II. – L'article L. 2328‑1 du code du travail est complété par un alinéa ainsi rédigé :
« Le fait d'entraver la constitution ou le fonctionnement régulier d'un conseil de rédaction est puni des mêmes peines, assorties d'une suspension partielle ou totale des aides publiques directes et indirectes dont bénéficie l'entité ainsi que l'obligation pour celle-ci de publier les sanctions judiciaires dont elle pourrait faire l'objet au titre de ses manquements. »
Par cet amendement, nous proposons de renforcer les protections statutaires des journalistes à travers la reconnaissance juridique des conseils de rédaction, ce afin de garantir l'élaboration d'une information de qualité seule à même de lutter contre les fausses informations.
A cet effet, nous nous inscrivons dans une lignée transpartisane, puisque ces dispositions sont tirées des propositions de loi de la sénatrice UDI Mme Nathalie Goulet déposée en 2014 sur ce sujet (https ://www.senat.fr/leg/ppl13‑813.html) , ainsi que de celle proposée en 2010 par le député PS M. Patrick Bloche (http ://www.assemblee-nationale.fr/13/propositions/pion2255.asp), elles-même inspirées directement des travaux du Syndicat national des journalistes (SNJ).

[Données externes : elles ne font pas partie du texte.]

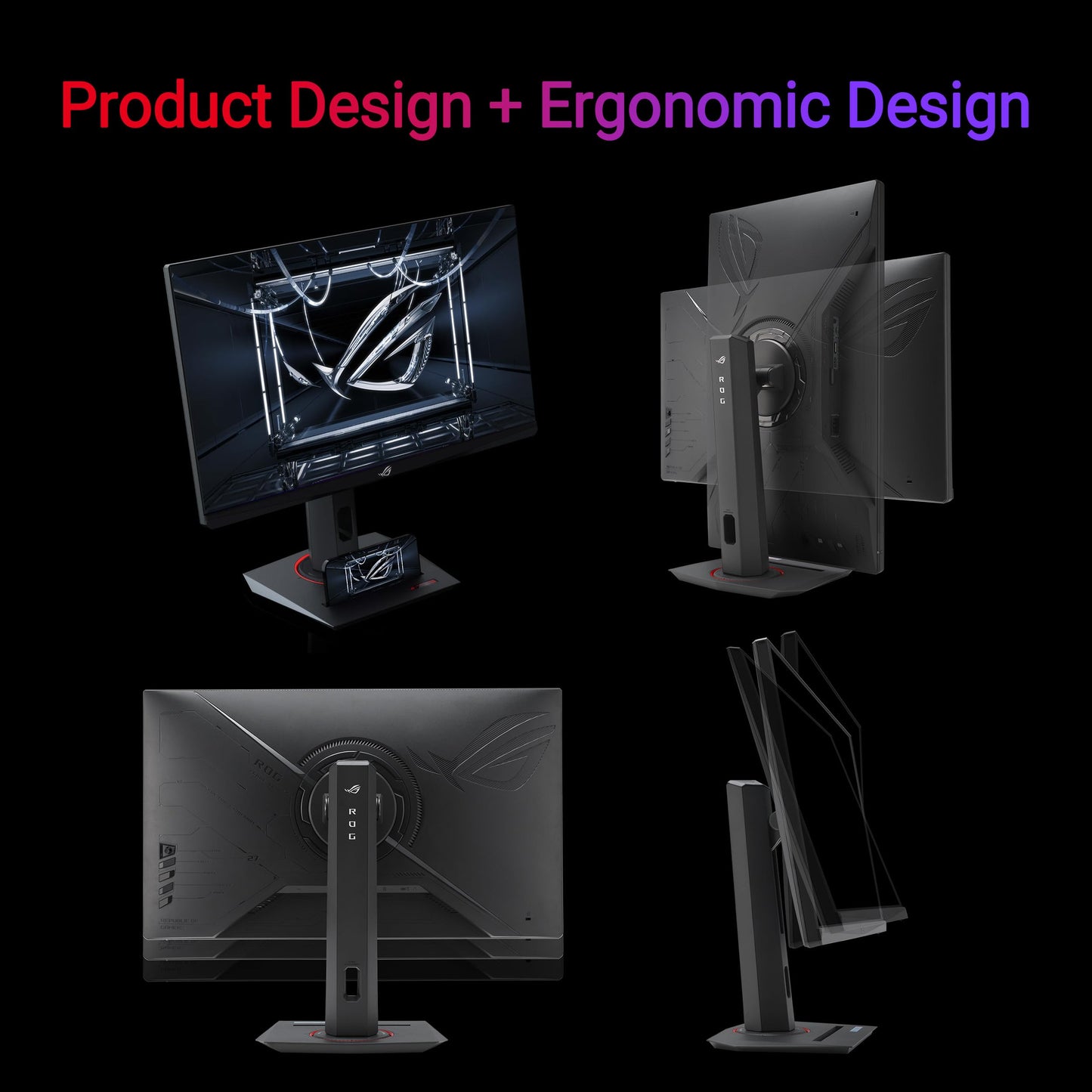 ASUS ROG Strix Monitor para Juegos 4K HDR400 USB-C de 27 Pulgadas (XG27UCS): UHD (3840 x 2160), 160Hz, 1ms, IPS rápido, 130% sRGB, sincronización de desenfoque de Movimiento bajo Extremo, Compatible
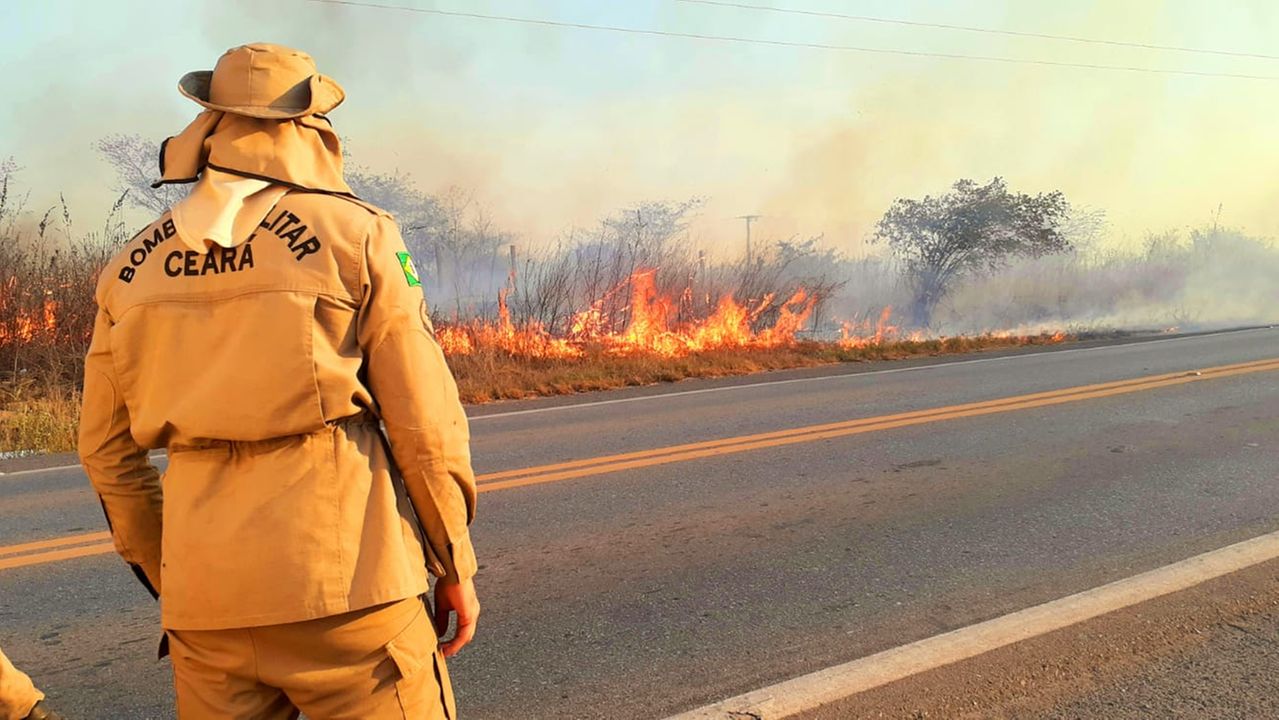 Funceme publica 1º Anuário de Focos de Calor do Ceará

En effet, conférer un statut juridique aux rédactions (consacrer la reconnaissance juridique de l'équipe rédactionnelle) permet de protéger les journalistes de pressions qu'ils pourraient subir en leur donnant la possibilité de réagir sur le terrain du droit. L'existence même d'un statut protecteur deviendra ipso facto un frein à d'éventuelles tentatives de pression.